Methods: Of 154 study patients, 131 were re-examined 24 months after type 1 diabetes onset (49.6% boys, age at onset 8.9 ± 4.3 yrs). Of which, 62 patients belonged to the primary group of the main study applying a sensor-augmented pump system during the first yr and 69 patients to the control group performing conventional insulin pump therapy with self-monitoring blood glucose.

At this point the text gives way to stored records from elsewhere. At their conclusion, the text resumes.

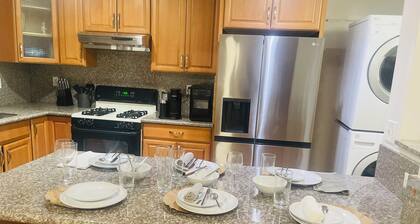 Spacious 2Bedroom House Bath in the Heart of the Bay. Minutes from attractions.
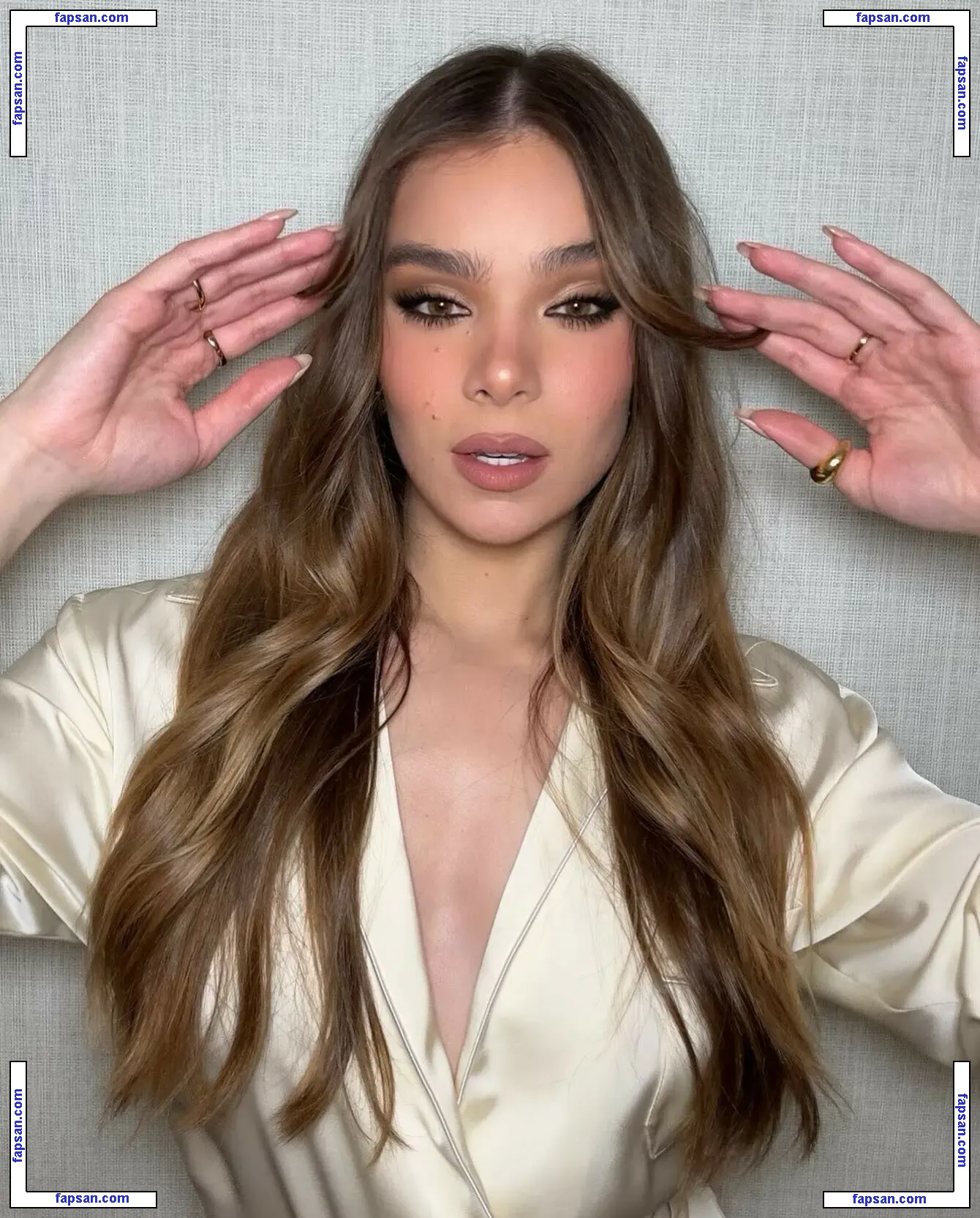 Hailee Steinfeld nude photo #1051 from OnlyFans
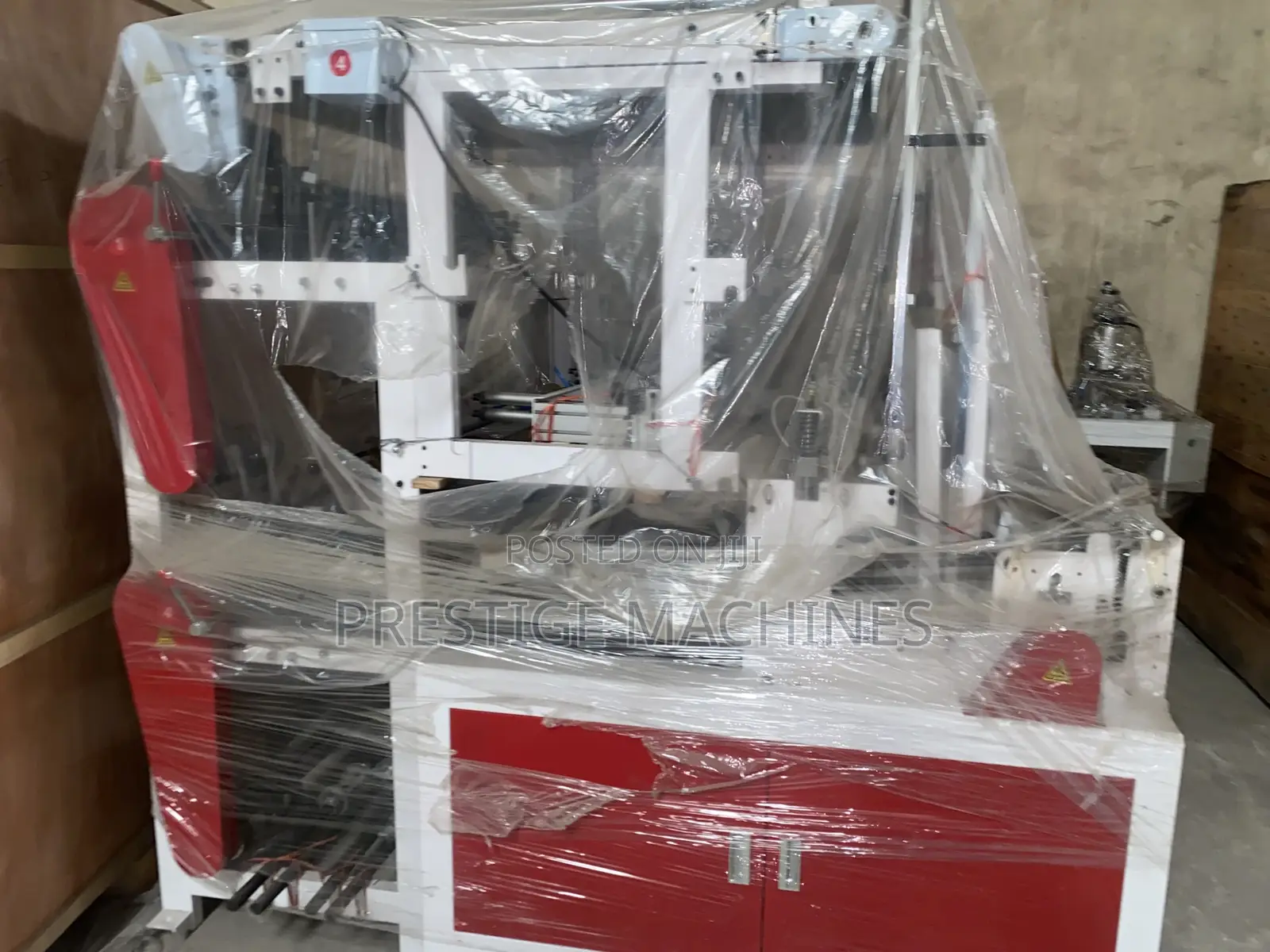 Nylon Bag Cutting and Sealing Machine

HbA1c, fasting blood glucose, and C-peptide were centrally measured (Clinical Trail Registration Number: ISRCTN05450731).
Results: At 24 months, i.e., 1 yr after the end of the interventional study, 52.4% of the patients used the sensor-augmented pump system, 46.0% conventional pump, and 1.6% multiple daily injections. HbA1c was 7.6 ± 1.3% in the primary and 7.7 ± 1.2% in the control group (p = 0.493). Frequent sensor use during the first yr was associated with statistically insignificant lowering of the HbA1c at 24 months (p = 0.236) as compared with irregular or no sensor use (7.4 ± 1.0% vs. 7.7 ± 1.3%). Although fasting C-peptide was not clearly different between the primary and control group (0.13 ± 0.17 vs. 0.09 ± 0.10 nmol/L, p = 0.121), patients with frequent sensor use had significantly less C-peptide loss within 24 months (C-peptide reduction 0.02 ± 0.18 vs. 0.07 ± 0.11 nmol/L, p = 0.046). There was no difference between the groups regarding daily insulin requirements.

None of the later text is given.